# How to put a delay in execution in a C program?



## ionicsachin (Sep 11, 2009)

Hiii,
I wanted to know how to put a delay of milliseconds or seconds at any step in a C program. On googling i came across sleep(), but its not a standard C funtion. Any suggestions?


----------



## lucifer_is_back (Sep 11, 2009)

AFAIK there is no such standard function for putting delay 
u have to be platform specific in this case


----------



## clmlbx (Sep 11, 2009)

#include "stdio.h"
#include "time.h"
int main(void){
struct timespec t;
t.tv_sec = 0;
t.tv_nsec = 500000000;
while(1){
printf("Hello world!\n");
nanosleep(&t,NULL);
}
return 0;
}


NOT THAT GOOD IN C .. This I have copied from somewhere else


----------



## xmentrio (Sep 11, 2009)

There is also delay(int msec) function in dos.h.
Try using it. It works.
-----------------------------------------
Posted again:
-----------------------------------------
There is also delay(int msec) function in dos.h.
Try using it. It works.


----------



## pr.itdude (Sep 11, 2009)

^^ +1
just include <dos.h>

and u can use this function "delay()" anywhere in any standard C program.


----------



## lucifer_is_back (Sep 13, 2009)

pr.itdude said:


> ^^ +1
> just include <dos.h>
> 
> and u can use this function "delay()" anywhere in *any standard C program*.


----------



## ashik.thomas (Sep 28, 2009)

Hai,
You can use delay(int n) defined in dos.h


----------



## vamsi360 (Sep 28, 2009)

are you looking in Debugginh case?

using Visual C++ you have more ease with debugging.
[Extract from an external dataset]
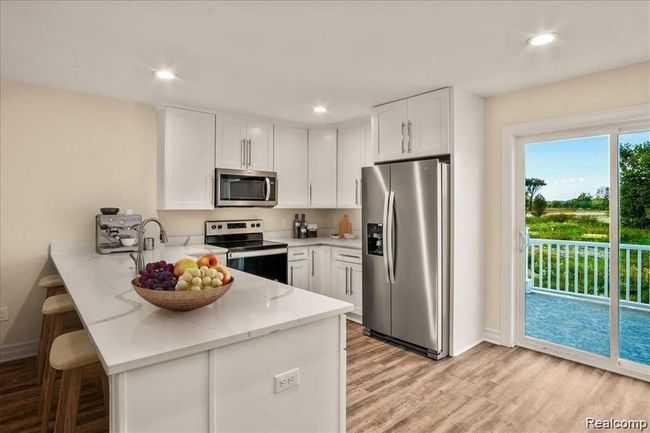 53612 Springdale St, Condo with 2 bedrooms, 3 bathrooms and null parking in Macomb MI | Image 10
Or use Geany and Mingw in Windows or Geany and gcc in Linux.


----------



## anuvrat_parashar (Sep 28, 2009)

pr.itdude said:


> ^^ +1
> just include <dos.h>
> 
> and u can use this function "delay()" anywhere in any standard C program.


I think this one will only work for Turbo C/C++ compiler.


----------



## ruturaj3 (Sep 29, 2009)

yes, delay() function works well, u can used it in drawing animation or displaying msg, like calculating result and then after delay display d result. 
Instead of directly printing output.


----------